Adams Stirling PLC


Independent Third Parties. As provided for in Civil Code § 5110(b), inspectors of election must be independent third parties. This includes, but is not limited to, the following:

  • a volunteer poll worker with the county registrar of voters,
  • a licensee of the California Board of Accountancy (a CPA),
  • a notary public, and
  • a member of the association (who is not a member of the board of directors or a candidate for the board of directors or related to a member of the board of directors or a candidate for the board of director).

Professional Inspectors of Election. There are companies that provide professional inspector services to associations. They can be hired to prepare ballots, mail and collect ballots, and count votes. Putting an Inspector under contract does not violate the independent status of the Inspector. Civil Code § 5110 provides that "An independent third party may not be a person . . . who is currently employed or under contract to the association." As long as the Inspector is not currently employed by the association for other services, the board can hire the person to oversee the election.

Prohibited Inspectors. Associations may not appoint or use inspectors who are:

  • members of the board of directors,
  • a candidate for the board of directors,
  • related to a member of the board of directors, or
  • anyone under contract with the association.

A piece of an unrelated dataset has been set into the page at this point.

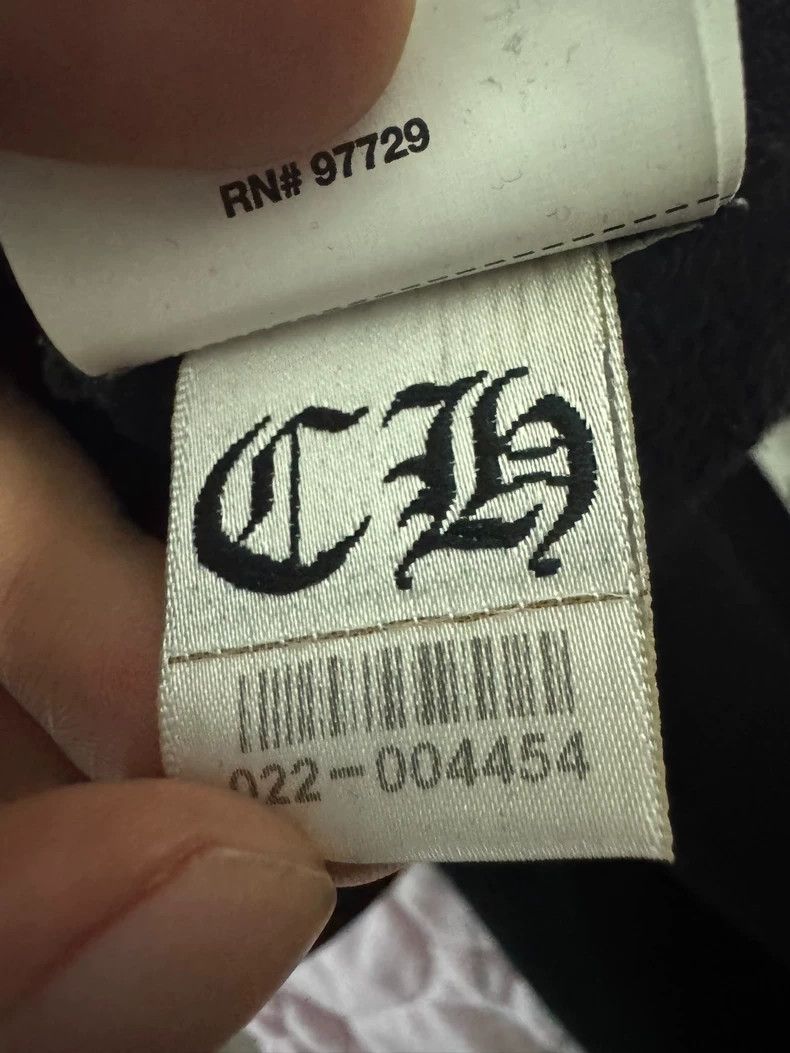 Chrome Hearts Chrome Hearts Black Hoodie with Unique Design Size US M / EU 48-50 / 2 - 9 Thumbnail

Appointing Inspectors. Inspectors should be selected early in the election process. As provided for in Civil Code § 5105(a)(5), associations may use one of the following methods for selecting Inspectors:

  1. Appointment by the board;
  2. Election by the membership. This may be a more democratic approach but it is unwieldy and costly because it requires (a) the administrative task of recruiting multiple persons or companies willing to compete for the privilege of overseeing the association's election, and (b) the cost of holding an extra election, i.e., the election of Inspectors prior to the election of directors. This creates the conundrum that electing Inspectors requires secret balloting, which requires the selection of additional inspectors to count the ballots for the election of the Inspectors.
  3. Any other method for selecting the inspector or inspectors.

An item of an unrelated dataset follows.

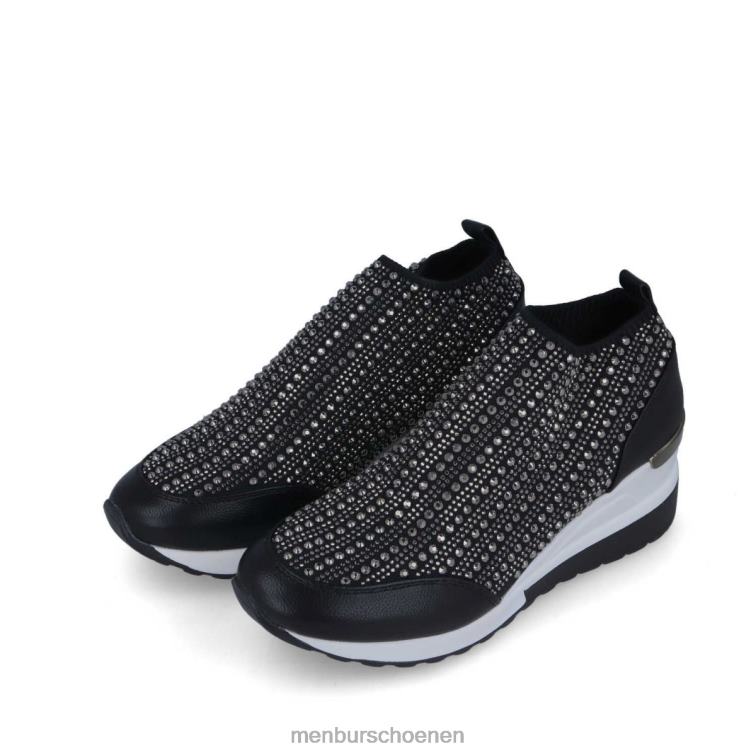 zwart sportschoenen 64N06676 heliconia vrouwen Menbur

Because the statute mandates that inspectors of election receive and count ballots, either 1 or 3 inspectors (Civ. Code § 5105(a)(5)) must be appointed early enough in the election process so that ballots can be mailed to the inspectors or to a location designated by the inspectors. (Civ. Code § 5115(b)(2).) See "Election Timeline."

Duties. Inspectors of election must perform their duties impartially, in good faith, to the best of their abilities, and as expeditiously as practical. (Civ. Code § 5110(d).) Inspectors must perform the duties listed below. To help in the expeditious performance of their duties, inspectors can delegate some tasks to a person or persons, who are not inspectors of election. Those duties marked with a double asterisk (**) may be delegated to a third party to assist the inspector, such as the association's management company.

Assistant Inspectors. The larger the association, the more time-consuming the ballot-counting process becomes. To speed the process, inspectors of election are allowed to appoint and oversee additional persons (as noted above) to verify signatures and to count and tabulate votes as the inspector deems appropriate, provided the persons are independent third parties. (Civ. Code § 5105(a)(6).)

Prior to the Meeting. Inspectors of election, or their designees, may verify member information and signatures on the outer envelope prior to the meeting at which ballots are tabulated. (Civ. Code § 5120.)

Early Ballot Count. Providing members with an early ballot count is not one of the inspector's duties.